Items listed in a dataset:
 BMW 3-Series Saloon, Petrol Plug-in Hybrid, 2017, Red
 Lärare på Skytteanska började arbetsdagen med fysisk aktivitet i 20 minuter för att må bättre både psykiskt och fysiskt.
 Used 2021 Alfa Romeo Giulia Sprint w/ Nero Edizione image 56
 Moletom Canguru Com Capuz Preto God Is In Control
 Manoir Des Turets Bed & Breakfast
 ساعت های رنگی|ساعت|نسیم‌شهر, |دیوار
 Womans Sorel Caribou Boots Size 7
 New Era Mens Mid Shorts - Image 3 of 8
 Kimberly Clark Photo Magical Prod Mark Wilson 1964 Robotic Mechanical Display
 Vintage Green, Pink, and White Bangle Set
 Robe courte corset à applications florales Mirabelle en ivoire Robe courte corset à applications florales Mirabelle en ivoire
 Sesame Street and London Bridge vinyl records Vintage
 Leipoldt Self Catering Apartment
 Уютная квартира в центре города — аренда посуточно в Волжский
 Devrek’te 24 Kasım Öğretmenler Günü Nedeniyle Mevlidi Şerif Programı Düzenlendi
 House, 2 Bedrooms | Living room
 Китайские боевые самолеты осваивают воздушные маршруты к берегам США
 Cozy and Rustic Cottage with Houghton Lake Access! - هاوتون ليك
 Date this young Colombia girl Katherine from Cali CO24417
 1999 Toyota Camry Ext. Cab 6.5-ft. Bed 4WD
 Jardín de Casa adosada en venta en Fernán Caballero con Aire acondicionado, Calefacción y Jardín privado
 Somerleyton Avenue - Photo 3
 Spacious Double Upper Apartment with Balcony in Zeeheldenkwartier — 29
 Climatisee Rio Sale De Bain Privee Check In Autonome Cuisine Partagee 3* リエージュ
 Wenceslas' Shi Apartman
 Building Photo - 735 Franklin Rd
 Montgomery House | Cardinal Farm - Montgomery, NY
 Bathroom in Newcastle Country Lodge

PROBLEM TO WORK ON = If a line in the records includes the string "Apartment", copy it.

EXPECTED ANSWER =
 Leipoldt Self Catering Apartment
 Spacious Double Upper Apartment with Balcony in Zeeheldenkwartier — 29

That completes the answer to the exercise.